So we took the group boat, which was fine.  Its always annoying to wait for (really) latecomers who can’t get themselves out of bed in the morning, but the boat was clean and comfortable, and not too crowded.  We sat on the back deck watching the waves and water spray up on to the deck.

Boat to Apo Island

Beautiful wave sprays as we headed out

About an hour later, the island came into view and our boat slowly manouvered on to the beach.

Approaching Apo Island

Apo island coming closer

Boat to Apo Island

Our boat docked on the Apo Island beach


Apo island has a small, attractive resort right on the beach. It would be a lovely place to stay and a way to enjoy the peace of the island after the daily boat (us) has left. Maybe next time….

Apo Island Resort

Upon arrival everyone has to pay a small environmental fee. Hopefully this is going toward the job of preserving the reef and beaches. It was certainly kept unspoilt. It actually could have used a little development, though, to help protect the shoreline and the visitors. A small wooden dock extending into the water a little would have made entry across the spiky coral much easier. But Apo is still very pristine and low key. I would never have picked that particular shallow, coral beach covered in algae and rock pools to enter into the water and explore.  But they were right….it was totally worth it.

Nikki held back a little.  She was the last in the water, but the first to see a turtle.  I wish I had been there to witness it.  As she worked on her resolve to enter the water, a turtle head poked out of the water to get air.  I can only imagine the scream!  To her credit she got in anyway, and we all managed to see and swim with the turtles.  I didn’t see one for a good 10 minutes, then Latham started signalling me to turnaround.  I turned, expecting to see something the size of a large tortoise, but no, it was the size of a small kitchen table, swimming around just a foot or two away.  It was kind of disturbing that something so large was so near and I had only just spotted it.


Turtle at Apo Island

Smaller, but beautifully coloured turtle

Turtle at Apo Island

My first turtle…and it was a big one!

Sea snake at Apo Island

Yes.
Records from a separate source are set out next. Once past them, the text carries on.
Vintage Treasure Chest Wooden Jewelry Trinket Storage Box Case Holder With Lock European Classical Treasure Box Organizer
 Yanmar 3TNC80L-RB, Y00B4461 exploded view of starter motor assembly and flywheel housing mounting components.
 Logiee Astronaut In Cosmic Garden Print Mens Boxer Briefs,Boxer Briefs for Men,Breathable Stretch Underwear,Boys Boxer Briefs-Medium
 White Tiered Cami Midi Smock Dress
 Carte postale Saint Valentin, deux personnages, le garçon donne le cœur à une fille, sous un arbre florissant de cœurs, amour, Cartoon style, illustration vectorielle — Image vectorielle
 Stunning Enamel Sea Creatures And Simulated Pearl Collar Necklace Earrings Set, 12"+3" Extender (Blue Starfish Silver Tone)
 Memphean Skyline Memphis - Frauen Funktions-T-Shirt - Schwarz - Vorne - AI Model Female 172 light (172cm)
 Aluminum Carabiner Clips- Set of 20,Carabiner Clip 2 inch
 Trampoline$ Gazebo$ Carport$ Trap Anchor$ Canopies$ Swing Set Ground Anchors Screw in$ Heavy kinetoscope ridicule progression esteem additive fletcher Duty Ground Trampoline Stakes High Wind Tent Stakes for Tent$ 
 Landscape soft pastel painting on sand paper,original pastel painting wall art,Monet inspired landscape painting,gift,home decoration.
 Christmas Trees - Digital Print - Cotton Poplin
It is what you think it is….don’t tell Nikki!

The Apo Island snorkeling beach.

The Apo Island snorkeling beach.

Snorkeling in Apo Island

Not exactly a beach I would choose to snorkel at…and yet it was great Turtle territory

After about an hour or so, we had had our fill and headed over to the resort for lunch.  We could hear the drummers playing from a distance, our entertainment for the meal.  On the way back across the beach, we passed this excellent Christmas tree, that is made from fallen, dried palm fronds, driftwood, and discarded tourist gear.  Loved it!

Filipino Christmas Tree

Drummers on Apo Island

Drummers entertain while we enjoyed our beach lunch

Apo island was a great location, and still undeveloped enough that everything was pleasant and friendly. I sure it will become more popular in coming years and I hope that they continue to care for their environment as well as they do now. Responsible tourism attracts responsible tourists. And I got to swim with turtles…..!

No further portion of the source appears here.